NEW YORK: After a 15-year absence from the United Nations, Malaysian Prime Minister Mahathir Mohamad on Friday (Sep 28) made his return and boldly repeated his call for a reform of the world body.
Presenting Malaysia’s statement at the 73rd United Nations General Assembly, Mahathir said: "When I last spoke here in 2003, I lamented how the world had lost its way. I bemoaned the fact that small countries continued to be at the mercy of the powerful.
"I argued the need for the developing world to push for reform, to enhance capacity building and diversify the economy. We need to maintain control of our destiny".
He said sadly that 15 years later the world had not changed much.
"If at all the world is far worse than 15 years ago. Today the world is in a state of turmoil economically, socially and politically," he said.
Mahathir, aged 93, said he had years ago called for a reform of the United Nations.
"Five countries on the basis of their victories 70 over years ago cannot claim to have a right to hold the world to ransom forever," he said, referring to the five permanent members of the United Nations Security Council.

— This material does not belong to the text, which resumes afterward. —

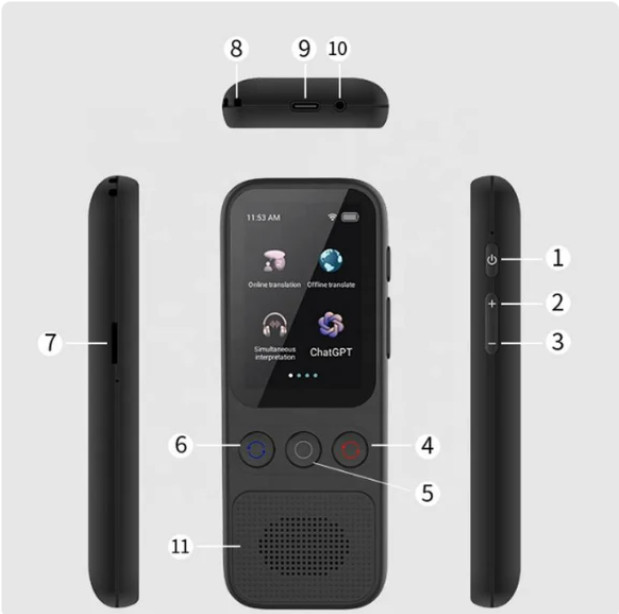 Language Translator Device, 138 Languages Supported, Instant Offline Language...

"They cannot take the moral high ground, preaching democracy and regime change in the countries of the world when they deny democracy in this organisation."
Mahathir had suggested that the veto should not be by just one permanent member but by at least two powers backed by three non-permanent members of the Security Council.

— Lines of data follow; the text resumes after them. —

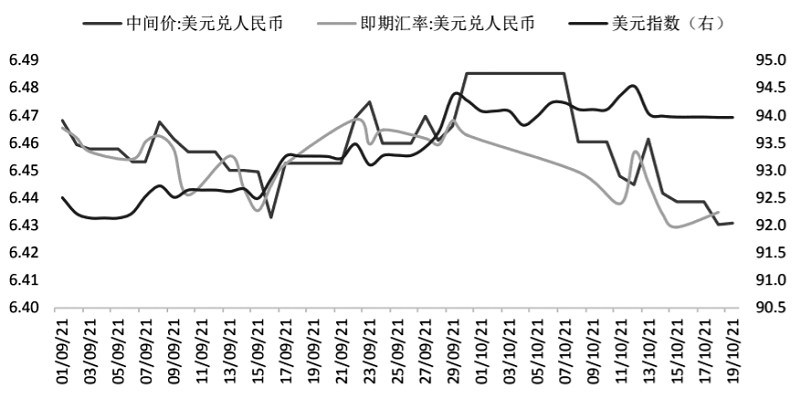新西蘭幣對(duì)港幣匯率_人民幣兌新西蘭幣匯率_新西蘭幣對(duì)人民幣匯率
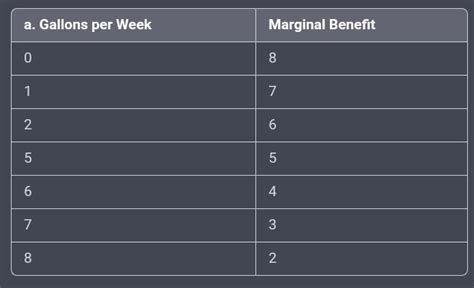 5. Your total benefits from consuming different quantities of gas each ...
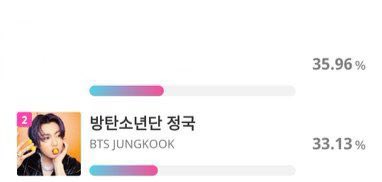 JJK_VotingTeam's tweet photo. 🗳 | IDOLCHAMP

‼️We have the least support on this poll.
Let’s not repeat our fanplus situation.
Be a part of the reason he wins.‼️

★Best Main Vocal★
50 votes/day(1vote=20💙)

#Jungkook:33.13%🥈
Gap:2.83%

🗓:11/10

🏆:Gangnam station Ad

🖇: https://t.co/qV3E7TIfdx https://t.co/fYS4C6C2hC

"The General Assembly should then back the decision with a simple majority. I will not say more," he said.
On another note, Mahathir hoped the world could emulate Malaysians who opted for change for the better when they ousted their government who had been in power for 61 years.
"We did this because the immediate past government indulged in the politics of hatred, of racial and religious bigotry, as well as widespread corruption. The process of change was achieved democratically, without violence or loss of lives," he said.

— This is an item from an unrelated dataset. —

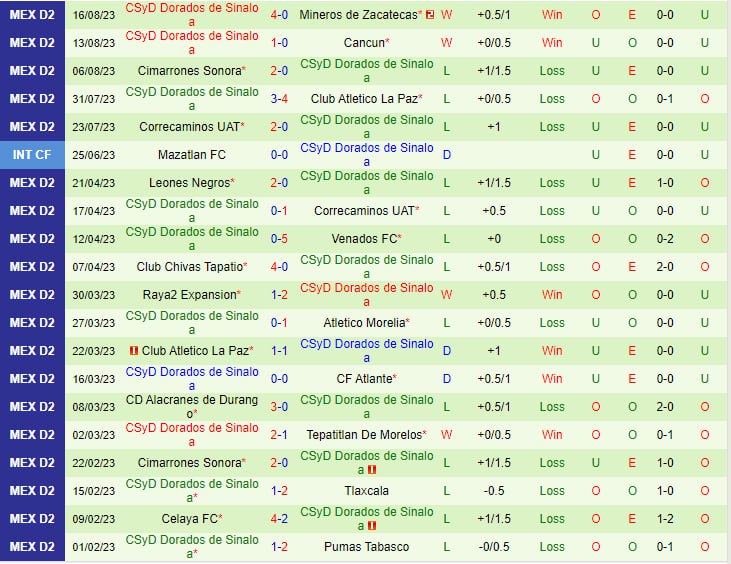 Nhận định Morelia vs Dorados 8h05 ngày 258 (Hạng 2 Mexico) 3 Nhận định Morelia vs Dorados 8h05 ngày 258 (Hạng 2 Mexico) 3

Mahathir said Malaysians wanted a new Malaysia that upholds the principles of fairness, good governance, integrity and the rule of law.
"They want a Malaysia that is a friend to all and enemy of none. A Malaysia that remains neutral and non-aligned. A Malaysia that detests and abhors wars and violence.
"They also want a Malaysia that will speak its mind on what is right and wrong, without fear or favour. A new Malaysia that believes in cooperation based on mutual respect, for mutual gain," he said.
Mahathir said Malaysians believed in the goodness of cooperation, a prosperous and stable neighbour would contribute to our own prosperity and stability.
He said under the new Pakatan Harapan government the new Malaysia would firmly espouse the principles promoted by the UN in our international engagements.
"These include the principles of truth, human rights, the rule of law, justice, fairness, responsibility and accountability, as well sustainability.
"It is within this context that the new government of Malaysia has pledged to ratify all remaining core UN instruments related to the protection of human rights," he said.
Mahathir said the process would not be easy as Malaysia was a multi-ethnic, multi-religious, multi-cultural and multi-lingual nation.
"We will accord space and time for all to deliberate and to decide freely based on democracy," he said.
Ending his speech, Mahathir admitted that the world without the UN would be disastrous and it should be sustained with sufficient funds.
"After 15 years and at 93, I return to this podium with the heavy task of bringing the voice and hope of the new Malaysia to the world stage.
"The people of Malaysia, proud of their recent democratic achievement, have high hopes that around the world, we will see peace, progress and prosperity. In this we look towards the UN to hear our pleas," he said.